The main attraction is three slot canyons, which are easy to access and explore. From the park’s main parking area it’s a short walk to enter and maneuver through Moon Cave, Canyon Caves, and Cathedral Caves.

Move through (sometimes squeeze through!) siltstone and clay slot canyons reaching caverns that are dead-ends. To get a bigger lay of the land here, hike the Juniper Draw Loop, including an out-and-back detour to Miller Point, a gorgeous vista punctuated by a charming gazebo. This will give you a nice view of eastern Nevada’s rugged sagebrush country. All in it’s 3.5-miles round-trip (inclusive of Miller Point).

TIP: There are 24 first come, first served campsites at Cathedral Gorge State Park.

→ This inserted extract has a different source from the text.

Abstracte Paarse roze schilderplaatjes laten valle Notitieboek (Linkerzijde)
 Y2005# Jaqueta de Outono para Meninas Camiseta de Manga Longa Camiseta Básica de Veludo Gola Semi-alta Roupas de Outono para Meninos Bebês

BONUS BEER: After leaving Cathedral Gorge State Park, stop and visit the living ghost town of Pioche, a few miles north down the road. Grab a beer and a pizza at the Overland Saloon. The pizza’s not fancy, but the local Nevada beer washes it all down nicely. In the mid-1800s Pioche was pure bad-ass, a mining boomtown with a reputation for big-time trouble! Today’s Pioche still has plenty of character and sites of interest from its fabled past.

Cathedral Gorge State Park is 2 and a half hours north of Las Vegas on Highway 93. It’s part of our Nevada Road Trip from Las Vegas to Great Basin National Park. Cathedral Gorge has a regional visitor center (closed in winter). Stop in for info and a park map. The slot canyons are short and easy to do, and offer a cooling cover on hot days. The Juniper Draw Loop with the Miller Point detour is well marked and not very strenuous, but in summer it’s always best to have plenty of sun protection and water. Dog-friendly, but bring plenty of water for Fido and be sure not to leave him in the car, even in more moderate temperatures.